Content starts

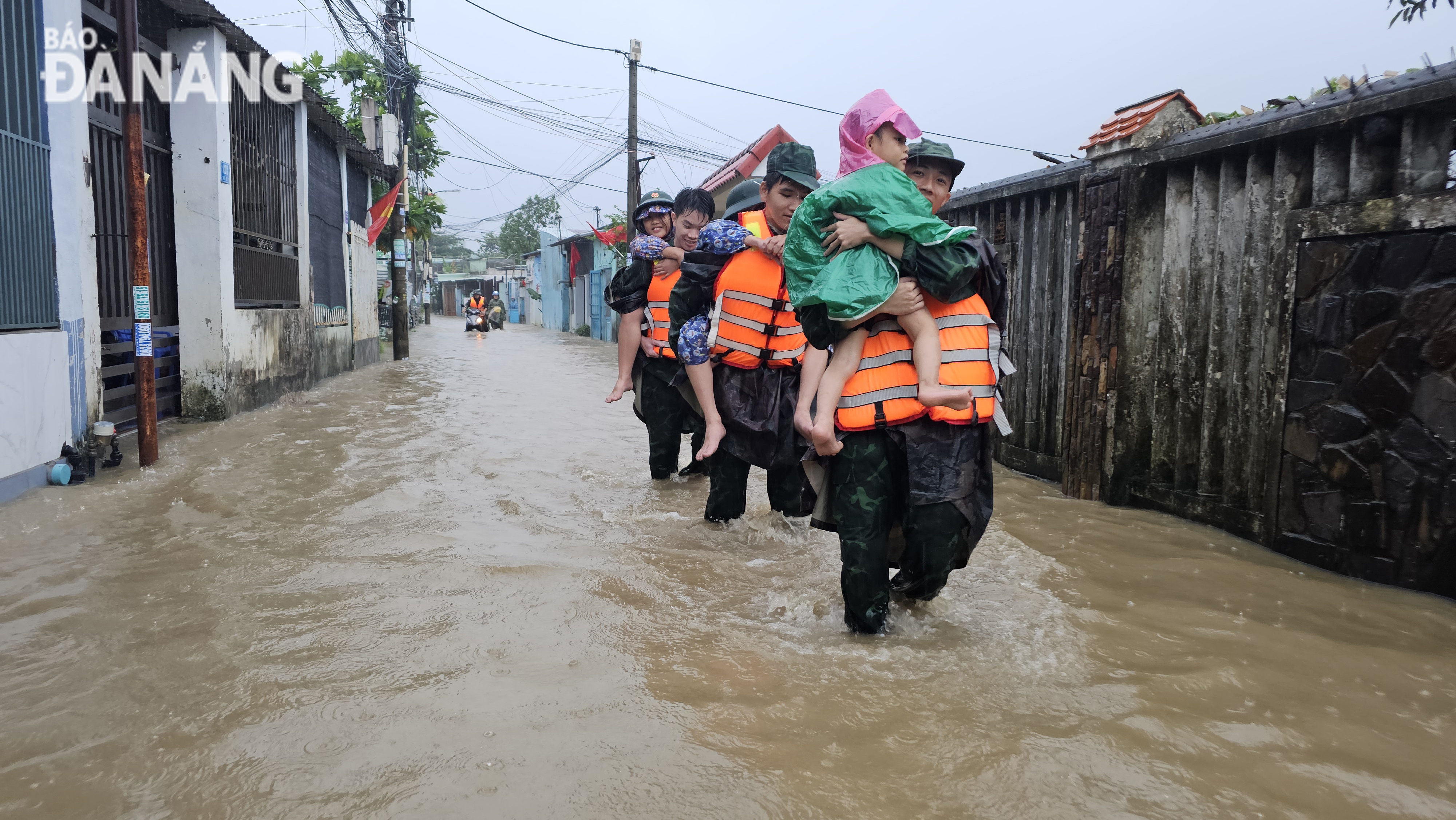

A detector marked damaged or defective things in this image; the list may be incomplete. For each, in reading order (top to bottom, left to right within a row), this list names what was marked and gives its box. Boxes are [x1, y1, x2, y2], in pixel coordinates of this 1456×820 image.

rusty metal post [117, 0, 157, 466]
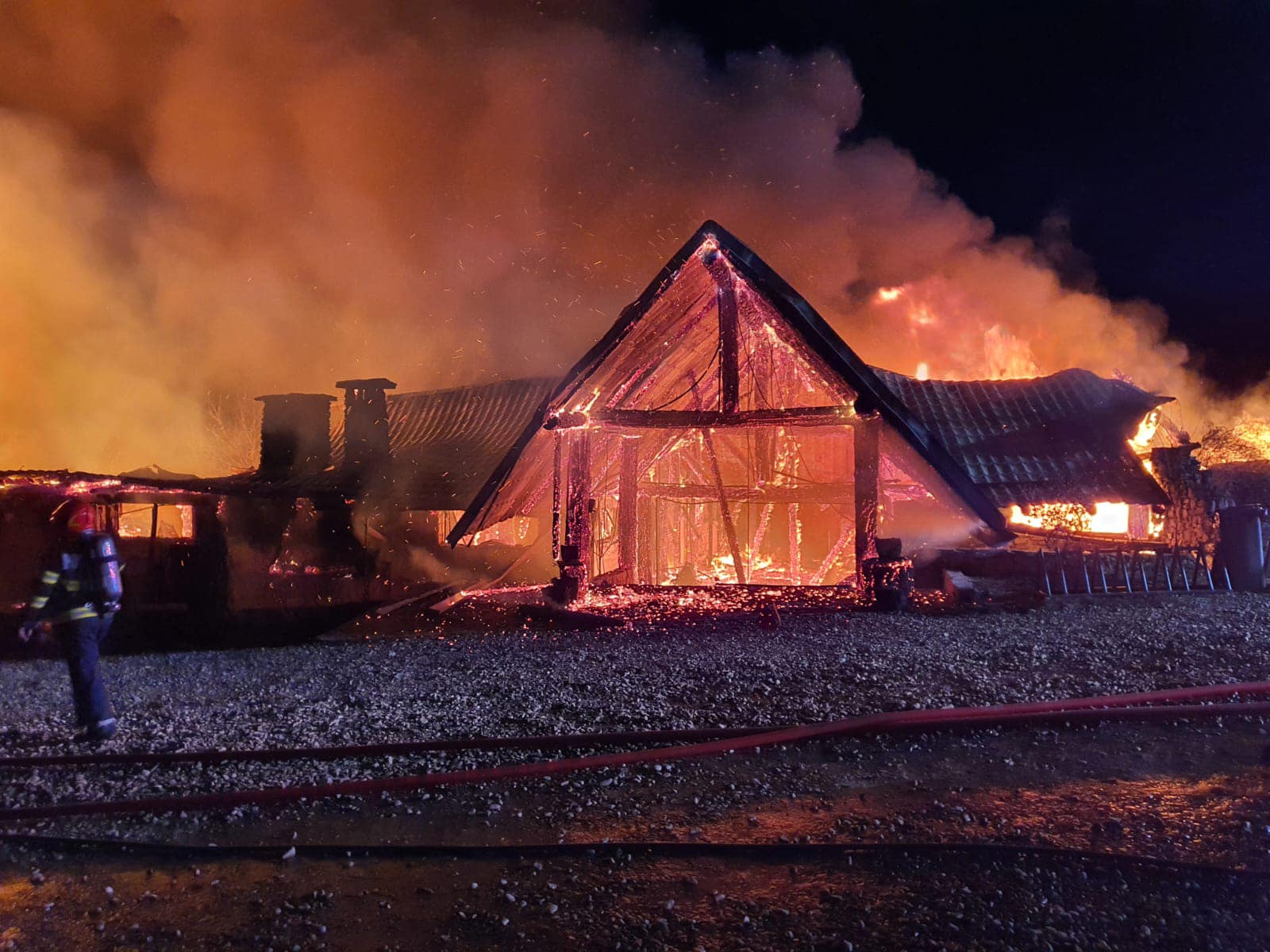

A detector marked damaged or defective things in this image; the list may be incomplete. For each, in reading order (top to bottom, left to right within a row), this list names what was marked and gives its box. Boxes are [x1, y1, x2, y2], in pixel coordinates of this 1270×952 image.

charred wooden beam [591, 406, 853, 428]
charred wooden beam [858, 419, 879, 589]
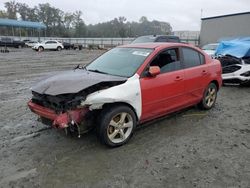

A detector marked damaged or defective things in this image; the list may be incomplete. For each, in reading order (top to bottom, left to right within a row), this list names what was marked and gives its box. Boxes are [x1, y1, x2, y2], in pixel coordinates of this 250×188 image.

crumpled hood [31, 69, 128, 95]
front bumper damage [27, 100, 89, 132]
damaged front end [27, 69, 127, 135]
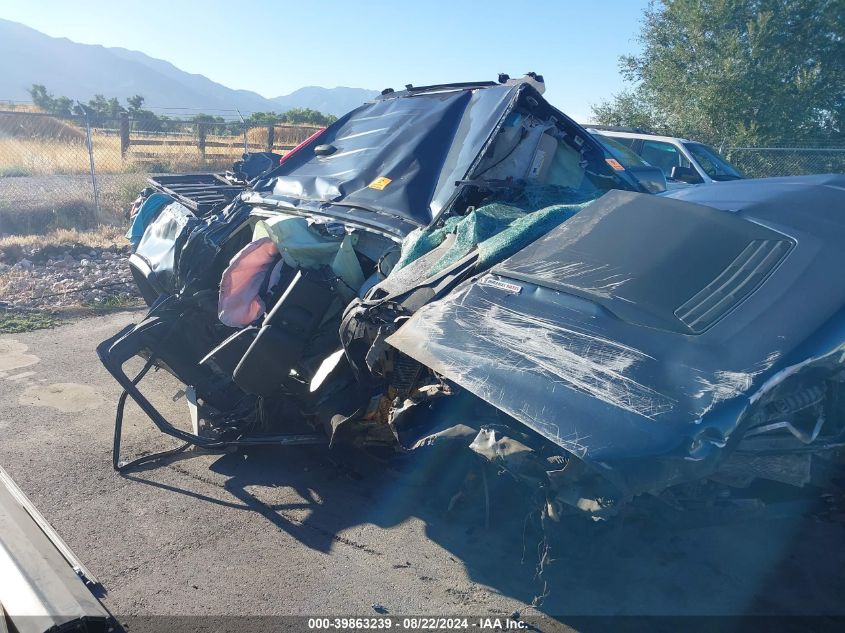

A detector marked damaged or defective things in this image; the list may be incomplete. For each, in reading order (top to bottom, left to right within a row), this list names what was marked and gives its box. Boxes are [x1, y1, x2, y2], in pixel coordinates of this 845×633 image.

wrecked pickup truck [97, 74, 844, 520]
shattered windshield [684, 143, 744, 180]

Content ends

_About this task_
Your task is to write out, exactly, the line that contains "this 845×633 image." and each line after it to the end of the data, with no other lines.

_Solution to this task_
A detector marked damaged or defective things in this image; the list may be incomplete. For each, in reading order (top to bottom, left to right within a row), this list names what was marked and gives its box. Boxes are [x1, y1, x2, y2], in pixel coordinates of this 845×633 image.

wrecked pickup truck [97, 74, 844, 520]
shattered windshield [684, 143, 744, 180]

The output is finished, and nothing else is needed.